As far as India is concerned, instead of watching and reading the paid Indian media, it is better to assess the real unemployment situation by visiting small towns, semi-urban cities and villages. The job situation in India under the British rule was way better than imposed demonetization. Political parties will not take any serious campaigns as their cash has been converted into new currencies without any hassles. (I am not against demonetization. The way demonetization has been implemented, I feel I am also a culprit as I have voted for the BJP ever since I have been eligible to vote.)


US December private ADP numbers and US December nonfarm payrolls will be the key. NFP below 180,000 can trigger a short term US dollar sell off.



COMEX GOLD FEBRUARY 2017 – current price $1155.95

Bullish over $1144.80 with $1159.20 and $1178.90 as price target

Bearish below $1135.90 with $1119.10 and $1111.20 as price target.

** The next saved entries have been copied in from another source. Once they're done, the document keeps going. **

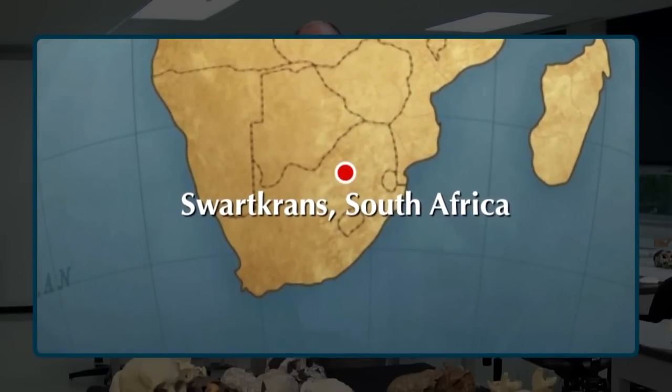There are other robust australopithecine sites, and the materials that we have here on the table represent a time span as early as 2.5 million years ago, and as recent as after 1.4 million years ago, although the date of that final appearance of robust australopithecines at Swartkrans is a little bit uncertain.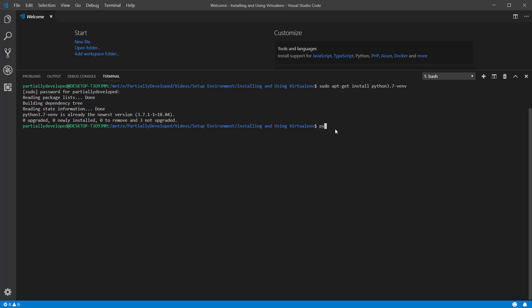Then what I would do is I'd run python3.7 -m venv, and then the name. So I'll call it my application here. Okay, and I'll click run.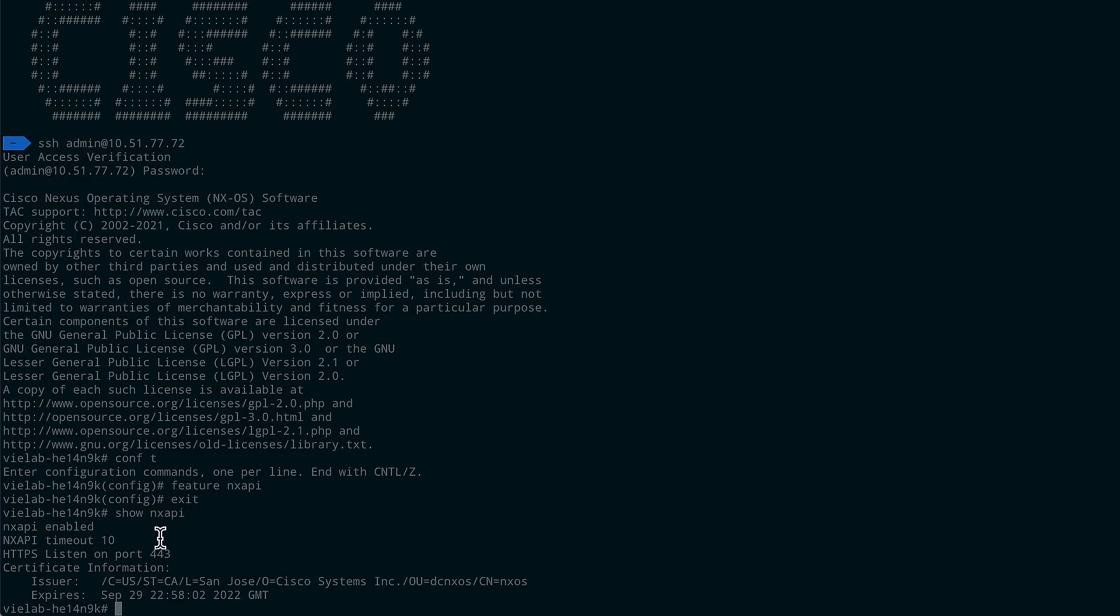So this will not only show you that the feature is enabled, it will also show you what port the switch is listening on. We will need that information in the next step. Let's go to Intersight.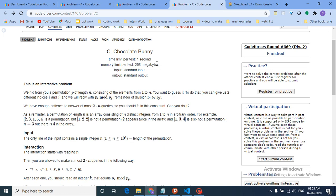You can give two indices i and j, and the interactor will reply with p[i] mod p[j]. You have at most 2n queries total to find the permutation.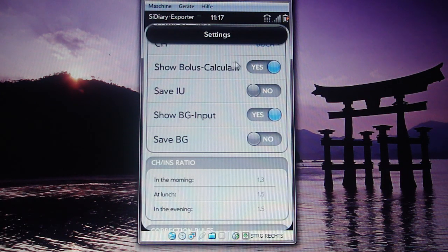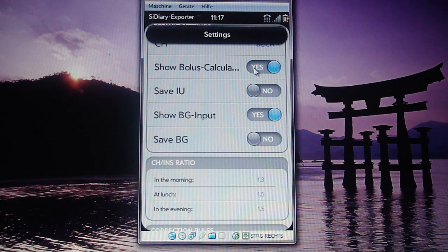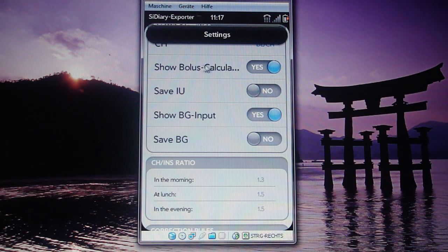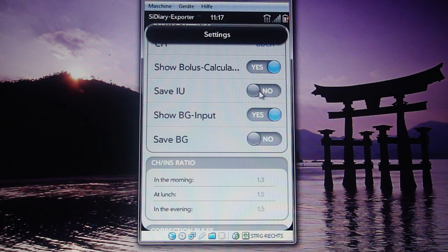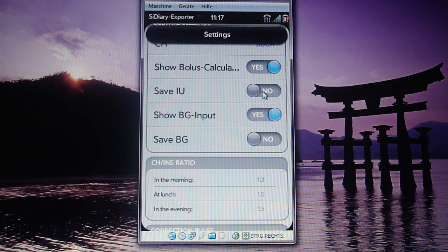Next, if you want to show a proposal for how much insulin you should inject, you can turn it on or off to show this calculation proposal on your input screen. Next is whether you want to save into your profile how much insulin you injected. I set it to off because I read out my insulin pump into the tool, so I don't need to save it manually on my device.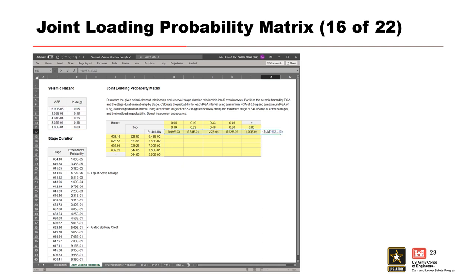Just like we did with our stage probabilities, let's do a quick check by summing the loading probabilities for the seismic hazard. Since we don't have non-exceedance, the sum of the probabilities should be equal to the AEP of the lowest peak ground acceleration in the table, 0.05 g, which it is. So we're good to go.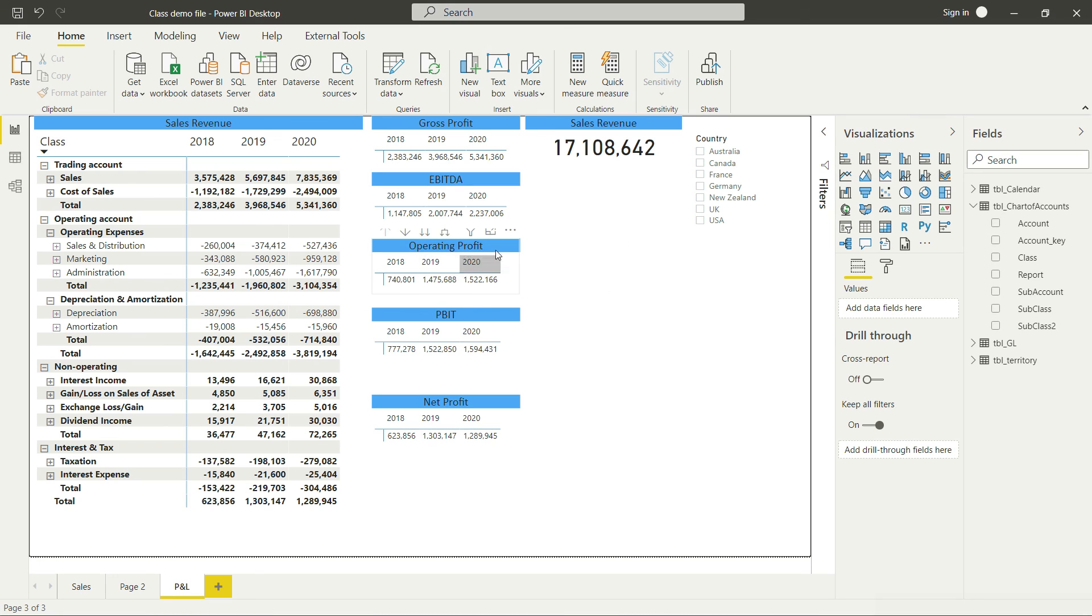In the next lecture, we are going to learn another very exciting visualization option, and that is going to be KPI.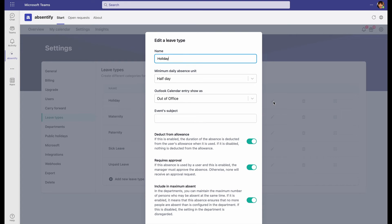Each leave type can be changed and edited based on the needs of your company, or you can add a new leave type.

Neutral Zone between: $1135.90-$1144.80

  • Gold can rise to $1191.70 this week as long as it trades over $1135-$1148 zone.
  • There will be another wave of rise if gold manages to trade over $1158.
  • Bearish trend will be there only if gold has a daily close below $1135 on Friday.

MCX GOLD FEBRUARY 2017 – previous day close Rs.27570.

Gold targets hundred week moving average of 27909 and 28277 as long as it trades over 27360. Bearish trend will be there if (a) Gold does not break 27909 by Friday (b) Gold trades below 27360.

(prices in Indian Rupees above)

Disclaimer: Any opinions as to the commentary, market information, and future direction of prices of specific currencies, metals and commodities reflect the views of the individual analyst, In no event shall Insignia Consultants or its employees have any liability for any losses incurred in connection with any decision made, action or inaction taken by any party in reliance upon the information provided in this material; or in any delays, inaccuracies, errors in, or omissions of Information. Nothing in this article is, or should be construed as, investment advice. Prepared by Chintan Karnani

Disclosure: Insignia consultants or it employees do not have any trading positions on the trading strategies mentioned above. Our clients do have positions on the trading strategies mentioned in the above report.